CHP Genel Başkan Yardımcısı Zeynep Altıok Akatlı, “21 Mart 1995 tarihinde Hasan Ocak'ın gözaltında alınması, işkenceye maruz kalması ve bedeninin kimsesizler mezarlığında bulunması ile başlayan Cumartesi Anneleri'nin oturma eylemi 21. yılına girdi.

“Türkiye'de katledilenler, katledenler, emri verenler, faili belli faili meçhullerin kanıksanmaması, yargının bunu normalleştirmemesi gerekmektedir” ifadelerini kullandı.

Zeynep Altıok Akatlı'nın 17-31 Mayıs Uluslararası Kayıplarla Mücadele Haftası sebebiyle bir açıklama yaptı.

Zeynep Altıok Akatlı’nın açıklaması şöyle:

21 Mart 1995 tarihinde Hasan Ocak'ın gözaltında alınması, işkenceye maruz kalması ve bedeninin kimsesizler mezarlığında bulunması ile başlayan Cumartesi Anneleri'nin oturma eylemi 21. yılına girdi.

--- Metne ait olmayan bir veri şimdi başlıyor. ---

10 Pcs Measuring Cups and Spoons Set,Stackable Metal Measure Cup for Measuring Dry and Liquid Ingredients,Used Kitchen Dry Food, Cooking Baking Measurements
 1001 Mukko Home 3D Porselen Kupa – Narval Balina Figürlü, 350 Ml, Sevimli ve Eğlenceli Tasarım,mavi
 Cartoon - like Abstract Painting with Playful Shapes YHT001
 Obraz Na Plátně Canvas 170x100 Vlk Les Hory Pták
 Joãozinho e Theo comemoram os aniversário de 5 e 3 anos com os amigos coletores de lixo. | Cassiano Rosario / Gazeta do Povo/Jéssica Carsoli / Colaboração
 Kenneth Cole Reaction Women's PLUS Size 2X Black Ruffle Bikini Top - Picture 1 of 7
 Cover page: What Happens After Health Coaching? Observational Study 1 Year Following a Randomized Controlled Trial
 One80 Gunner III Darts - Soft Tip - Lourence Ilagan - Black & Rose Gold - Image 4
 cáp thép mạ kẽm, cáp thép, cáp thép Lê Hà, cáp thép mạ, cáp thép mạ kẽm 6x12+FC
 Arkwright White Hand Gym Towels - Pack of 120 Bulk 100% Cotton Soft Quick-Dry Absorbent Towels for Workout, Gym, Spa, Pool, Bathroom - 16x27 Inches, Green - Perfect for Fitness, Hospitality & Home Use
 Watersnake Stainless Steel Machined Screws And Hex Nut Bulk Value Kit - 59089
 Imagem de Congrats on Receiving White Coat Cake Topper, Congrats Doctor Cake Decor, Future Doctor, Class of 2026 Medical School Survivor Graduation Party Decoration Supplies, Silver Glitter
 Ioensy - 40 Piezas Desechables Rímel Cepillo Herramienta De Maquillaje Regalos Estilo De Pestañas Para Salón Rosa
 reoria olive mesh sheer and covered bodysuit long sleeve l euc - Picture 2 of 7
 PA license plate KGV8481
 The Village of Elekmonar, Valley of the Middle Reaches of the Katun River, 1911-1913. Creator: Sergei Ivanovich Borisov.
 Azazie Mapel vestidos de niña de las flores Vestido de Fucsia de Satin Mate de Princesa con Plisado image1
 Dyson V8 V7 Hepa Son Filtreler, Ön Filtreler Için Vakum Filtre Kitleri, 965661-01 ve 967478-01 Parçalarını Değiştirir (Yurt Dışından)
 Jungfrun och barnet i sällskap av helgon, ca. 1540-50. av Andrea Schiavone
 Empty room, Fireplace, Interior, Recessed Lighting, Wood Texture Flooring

Sabahattin Ali'nin öldürülmesinden günümüze faili meçhul cinayetler, gözaltında kayıplar, katillerin ele verilmemesi, cinayetlerin inkar edilmesi; Arjantin Plaza Del Mayo Meydanı'ndan Galatasaray Meydanı'na insanlık tarihinin en acı ortak hafızalarından biridir.

Türkiye'de katledilenler, katledenler, emri verenler, faili belli faili meçhullerin kanıksanmaması, yargının bunu normalleştirmemesi gerekmektedir.

Uluslararası Kayıplarla Mücadele Haftası'na girdiğimiz bu günlerde ısrarla altını çizmemiz gereken; devletin hafızasında her cinayetin ayrı ayrı kaydı olduğu gerçeğidir. Bu Sabahattin Ali cinayeti için de geçerlidir Tahir Elçi cinayeti için de.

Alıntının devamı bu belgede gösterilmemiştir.